И дальше, дальше, почти без числа. Все большие и крупные советские поэты, прозаики, либо на крайний случай литераторы, либо люди возлелитературные. И в это веришь. Ведь мемуарист не только видел или о том слышал, он сам в это верит. Верит в величину и своеобразие почти каждого, хоть что-то сложившего из букв на листе бумаги. Порою искренне недоумевает, какой подставить масштаб, чтобы измерить объем и величие своего очередного героя. Потому Евгению Евтушенко отведено здесь столько места и слов. И потому вопрос остается вопросом, ибо Евтушенко явление не культуры, а, напротив, цивилизации.

Мемуарист этого не понимает. Будь его воля, он бы писал слово "литература" с большой буквы, а слово "поэзия" с еще большей. Именно потому воспоминания его составлены из любопытных, милых и почти ничего не значащих подробностей, что для автора нет пустяков. Он благоговеет, каждый вздох человека творящего кажетс ему необыкновенным, и сама способность к созданию искупает для него последствия, будь то премного известный распорядитель литфондовских похорон Арий Давыдович или старейший советский поэт Павел Григорьевич Антокольский, затаскивающий ту же Юлию Друнину на сей раз в ванную комнату. Мемуарист преклоняется перед культурой как таковой, чему свидетельство почти школьные рассуждения о классиках о Случевском, Некрасове, Блоке и переводчике "Илиады", настоятельно величаемом А. Гнедичем.

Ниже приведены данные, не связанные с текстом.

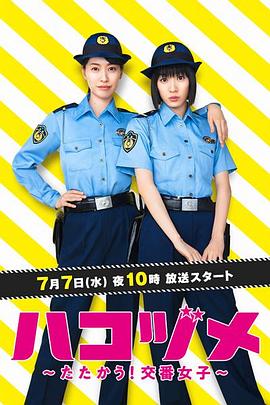 女子警察的逆袭2021海报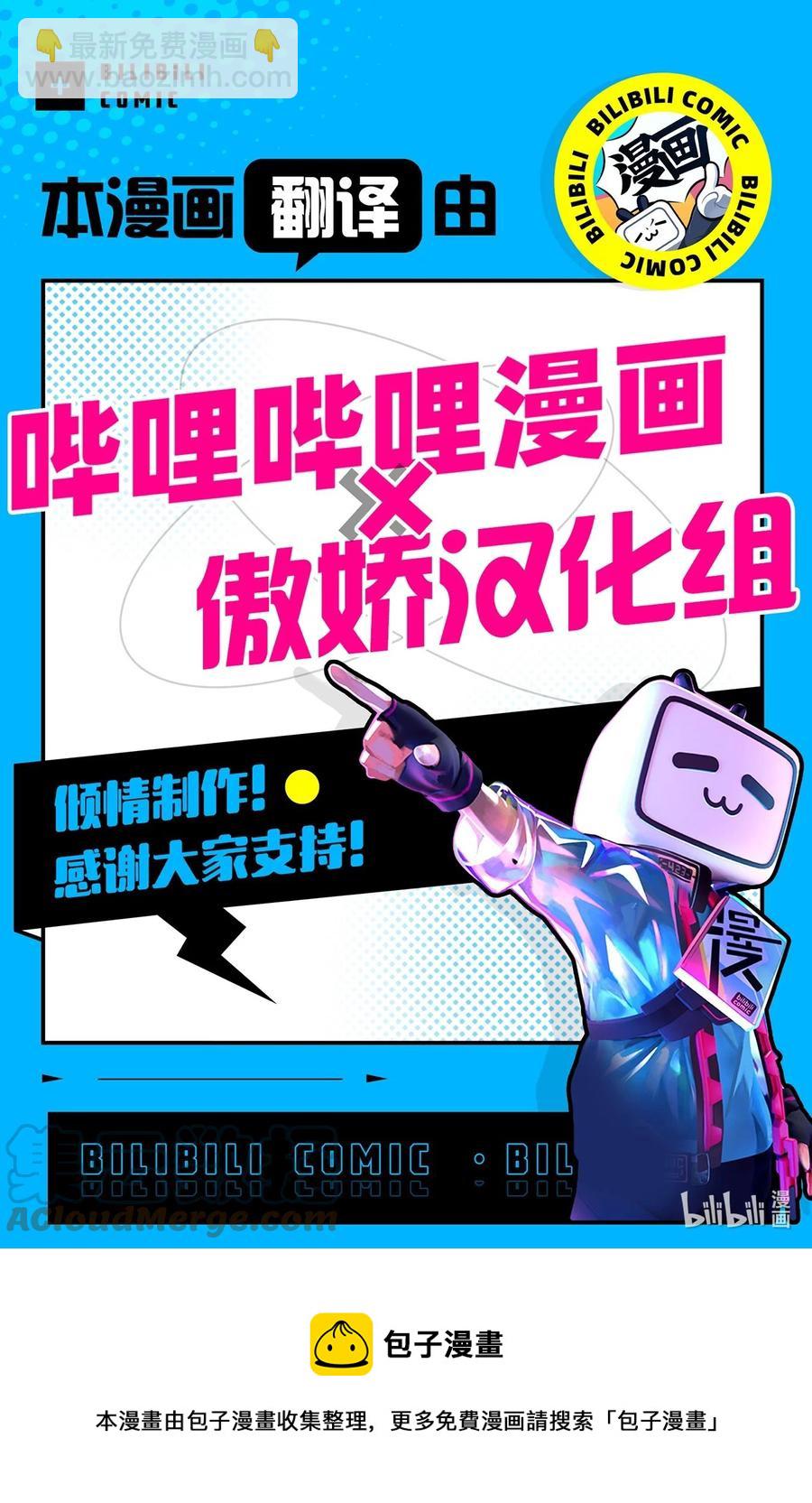 38 也想相信他-第39话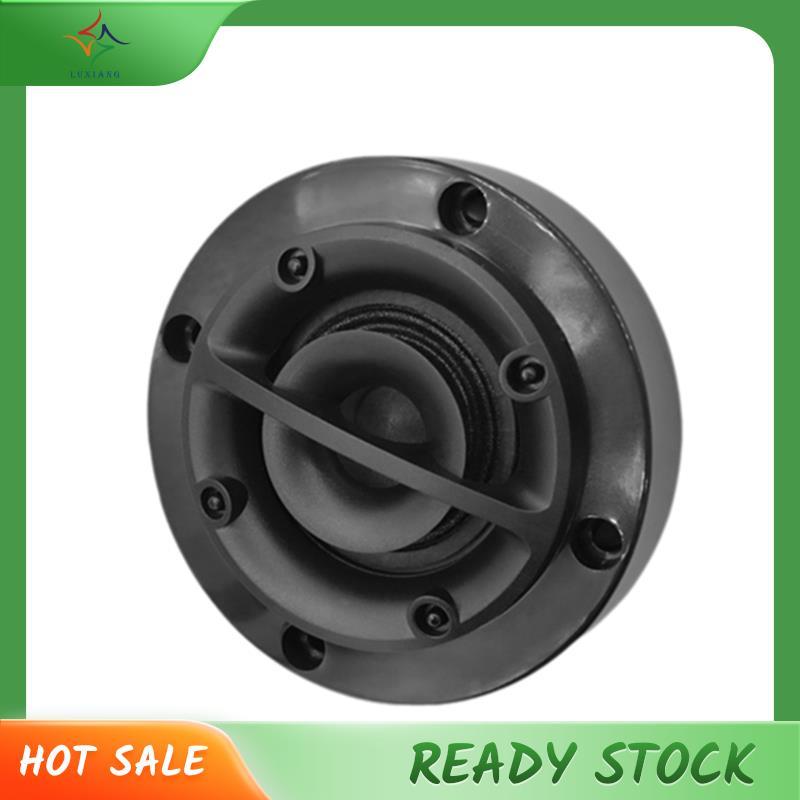 [luxiang.th] Car A-Pillar Mid-Range Speaker 8Ω 15W HiFi Speaker Home DIY Audio HIFI Mid-Range Speake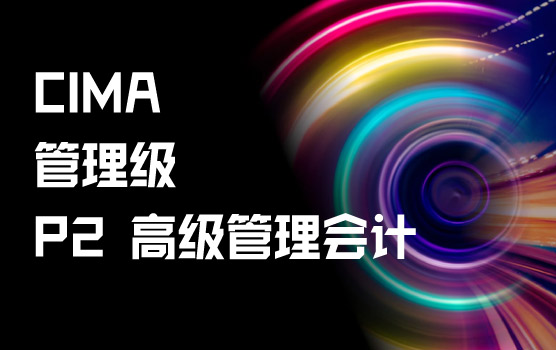 P2-高级管理会计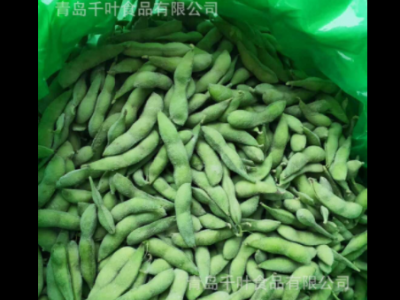 厂家直供冷冻毛豆 出口品质图2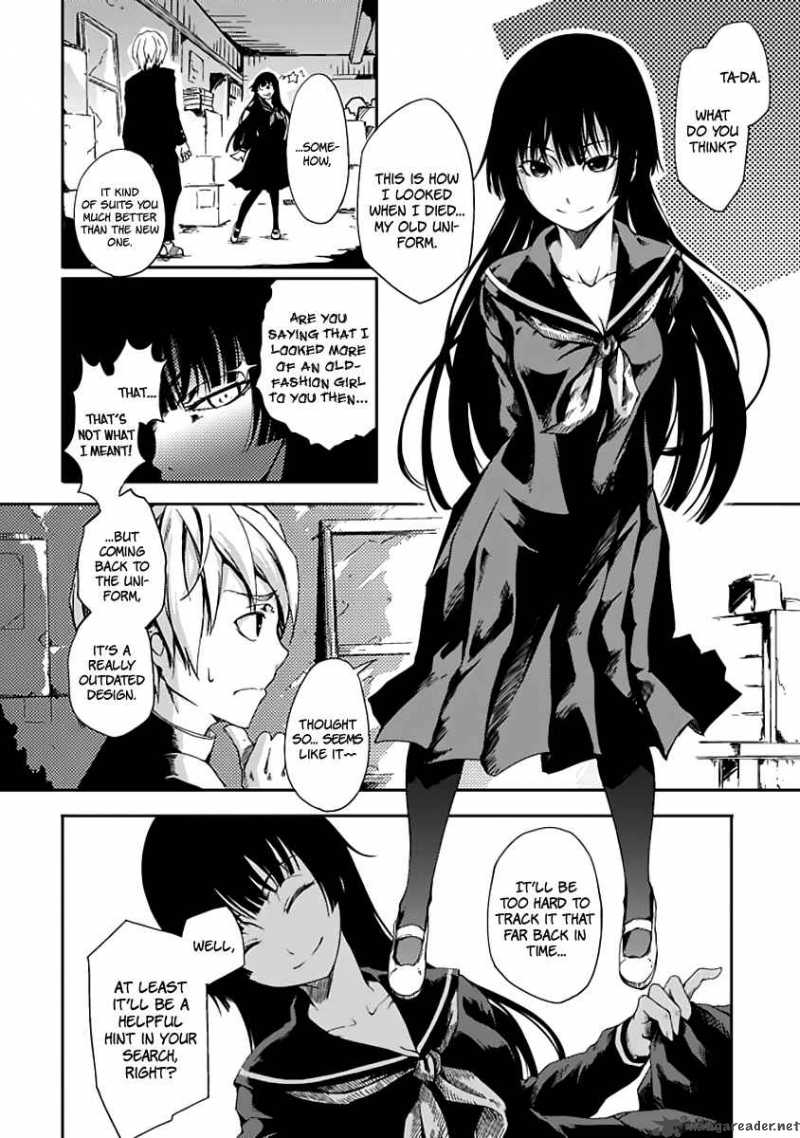 Tasogare Otome X Amnesia 1 20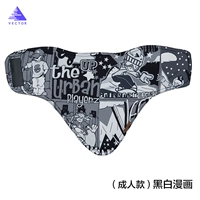 Черно -белые комиксы 【Взрослый】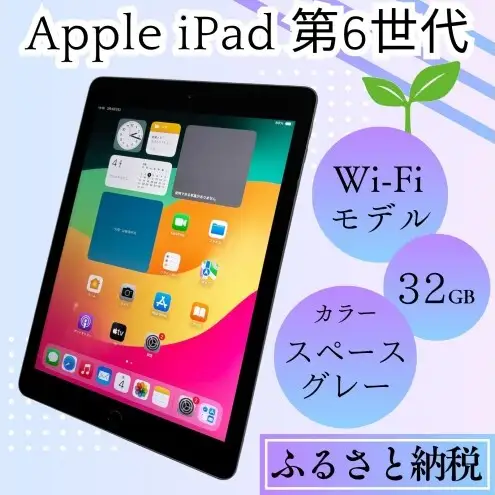 【ふるさと納税】iPad 第6世代 32GB Wi-Fiモデル（スペースグレー） Apple 中古品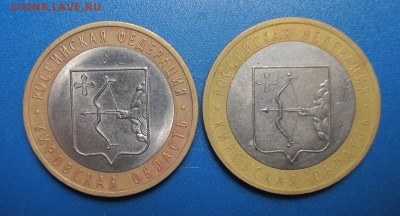 10 руб БМ 2009 Кировская обл. "Желтая" - 005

Потому-то и не было необходимости в рассуждениях о великих и в размышлениях о природе собственного творчества. Воспоминаний о других хватает, чтобы понять самого воспоминателя лучше, чем в литературоведческих разборах и автобиографических экскурсах.

Впрочем, и здесь есть любопытные эпизоды. Однажды мемуарист и Сергей Викулов оказались в селе Львовка, принадлежавшем некогда старшему сыну Пушкина. И вот они стоят возле колодца и читают свои стихи местным старушкам.

"Когда-то я (мне было тогда уже сорок лет, я был уже больше десяти лет членом Союза писателей), прожива длительное время в деревне, подрядился на все лето пасти стадо, поскольку у меня было намерение написать рассказ о пастухе.

К сожалению, пастухом я оказался никудышным, и рассказ у меня не получился. Но зато стихи о том, как трудно давалось мне это искусство, я написал:

Мне сорок лет, а я в подпасках,

Еще учусь пасти коров...

Рассвет осенний хмур, неласков,

Он по-закатному багров.

А кончалось стихотворение и совсем печально:

Земля лежит в осенних красках,

Как полотенце в петухах...

Я в сорок лет еще в подпасках.

Когда-то буду в пастухах?!

Едва я закончил чтение стихотворения, одна из старушек отвела меня в сторону и доверительно, но твердо предложила:

А ты, сынок, оставайся у нас. Мы тебя сразу старшим пастухом назначим. И не в каком-нибудь завалящем селе, а в самой пушкинской Львовке!.."

з

На этом можно было бы и закончить, но следует еще сказать о кавычках, в которые заключено название. Это не насмешка, не знак, берущий под сомнение сказанное. И, надеюсь, добросердечный и многотерпеливый автор мемуаров не увидит здесь никакого подвоха. Это лишь цитата из его книги.